Dalle tombe tutti i morti si riporteranno fuori.
Dal Verbo in croce in cui c'è la potenza sarà ai viventi a portarla uscirà la vita dal cuore dall'apertura uscirà la divinità nel mondo.

Genesi 38,26
A portarsi sarà da agnello il Signore, in aiuto del mondo si porterà, sarà da prima dall'essere impuro giù da debole ad entrare in un vivente ove viva l'energia ci sarà della rettitudine per spazzare il serpente.
Della rettitudine l'energia rifiuterà l'angelo (ribelle) completamente, alla fine sarà ad uscire per la potenza di una infuocata fiamma che l'energia sarà a recare.
Il rifiuto sarà a far perire chi pecca, libererà l'aiuto dal tempo del mondo.

Genesi 38,27
A portare fu nel mondo ad esistere dentro il tempo per il serpente sbarrare, lo scelse per (onde) la perversità dell'angelo uscisse al termine, desiderando fossero a vivere (mentre) fosse dal vivere dall'intimo dei cuori l'angelo ad uscire.

Genesi 38,28
A portarsi fu nel mondo, fu a casa del serpente, la legge divina nel mondo recò, fu dal drago ove sarà a sbarrarlo, lo porterà a finire, rovescerà le prigioni che aprirà ai viventi che saranno a rinascere tutti.
Porterà alla fine a rovesciare nel fuoco il cattivo serpente che fu impuro.
La risurrezione che invierà sarà da rifiuto per l'essere ribelle.
Questo uscirà, spunterà dai corpi.
L'Unico brucerà l'angelo (ribelle) del mondo.

Genesi 38,29
Portò a stare nel mondo la forza della rettitudine ai viventi in dono.
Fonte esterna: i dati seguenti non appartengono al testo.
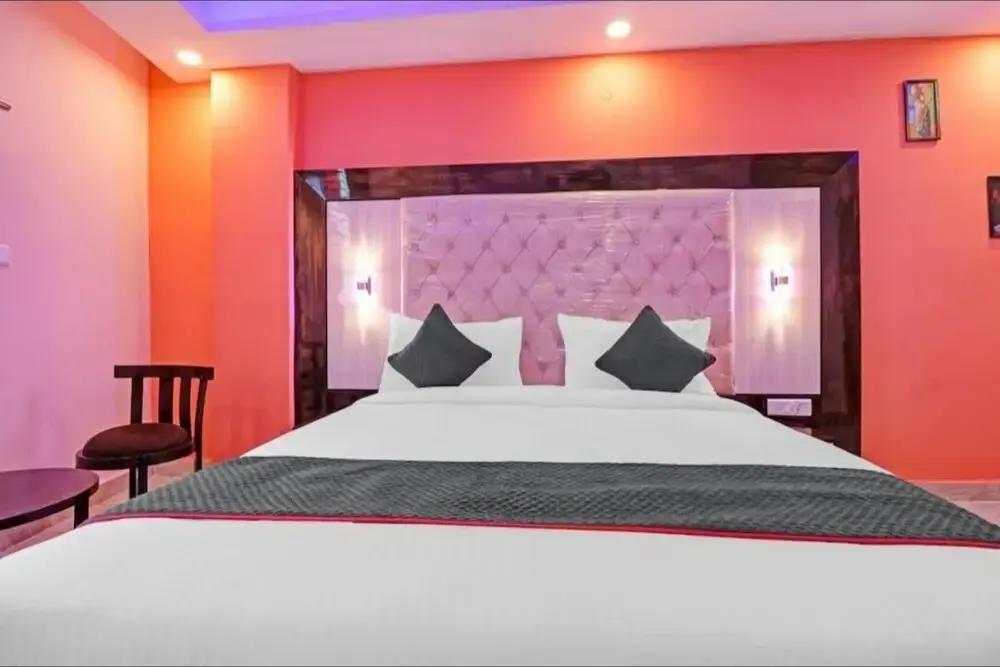 Foto - Airport Hotel Shivaka Inn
Sarà dentro la forza che l'essere impuro porterà fuori.
L'angelo uscirà che fu a scendere all'origine che nel primo vivente si portò e segnò la prima ribellione.
Per far frutto scese alla fine l'Altissimo con la forza della rettitudine.
Il Verbo in un corpo scese, si portò a rovesciarsi alla vista il Nome, si portò col volto in un corpo giù.

Genesi 38,30
Si portò l'Unico in una grotta, fu a scendere in un primogenito, in un fratello fu a portarsi.
Una donna dal corpo per l'Altissimo aiutare lo portò al mondo.
Una seconda volta sarà a portarsi il diletto.
Il colpevole si porterà a colpire nei corpi nascosto.